“The Obvious Inspiration For All This Is Uber”

The Uberization of the economy is a very convenient thing unless you’re one of those employed within that system. Then you could be inconvenienced. This cultural shift may be good or ill for workers in the long run depending on whether other companies utilize Uber’s rapacious business practices. From an Economist story about the proliferation of the Peer Economy in America, in which not everyone is an equal:

“Handy is one of a large number of startups built around systems which match jobs with independent contractors on the fly, and thus supply labour and services on demand. In San Francisco—which is, with New York, Handy’s hometown, ground zero for this on-demand economy—young professionals who work for Google and Facebook can use the apps on their phones to get their apartments cleaned by Handy or Homejoy; their groceries bought and delivered by Instacart; their clothes washed by Washio and their flowers delivered by BloomThat. Fancy Hands will provide them with personal assistants who can book trips or negotiate with the cable company. TaskRabbit will send somebody out to pick up a last-minute gift and Shyp will gift-wrap and deliver it. SpoonRocket will deliver a restaurant-quality meal to the door within ten minutes.

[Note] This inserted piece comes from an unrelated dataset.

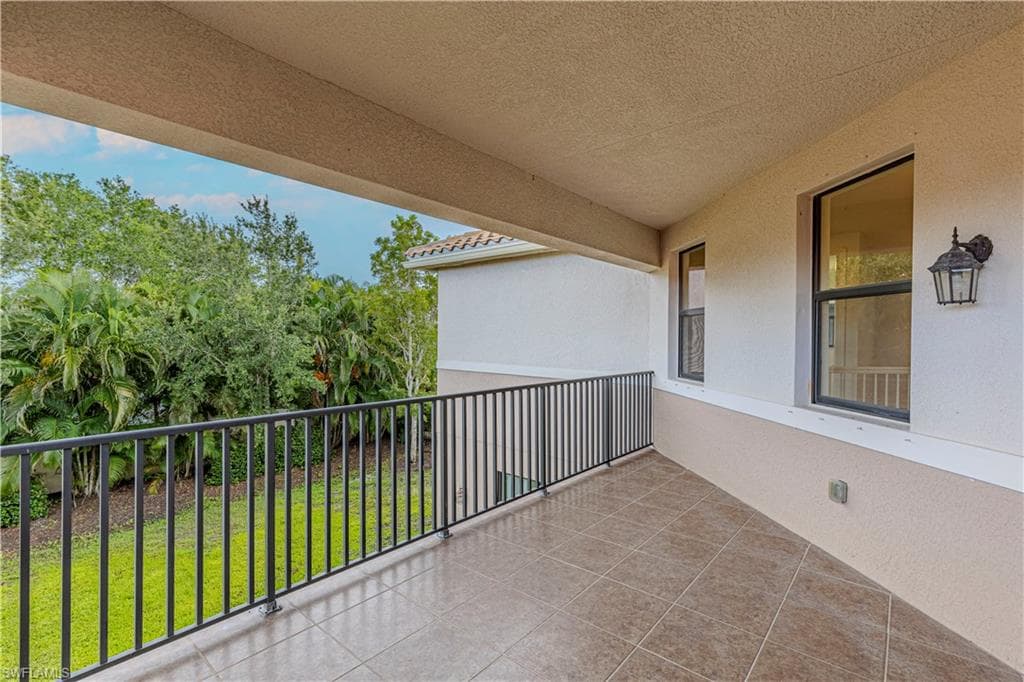 13852 Luna Dr, Naples, FL 34109-12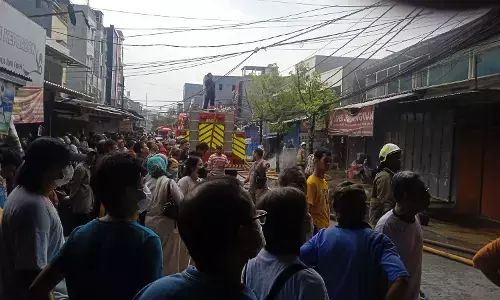 Gudang konveksi di Jelambar terbakar, 20 damkar dikerahkan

The obvious inspiration for all this is Uber, a car service which was founded in San Francisco in 2009 and which already operates in 53 countries; insiders say it will have sales of more than $1 billion in 2014. SherpaVentures, a venture-capital company, calculates that Uber and two other car services, Lyft and Sidecar, made $140m in revenues in San Francisco in 2013, half what the established taxi companies took (see chart 1), and the company shows every sign of doing the same wherever local regulators give it room. Its latest funding round valued it at $40 billion. Even in a frothy market, that is a remarkable figure.

Bashing Uber has become an industry in its own right; in some circles, though, applying its business model to any other service imaginable is even more popular.”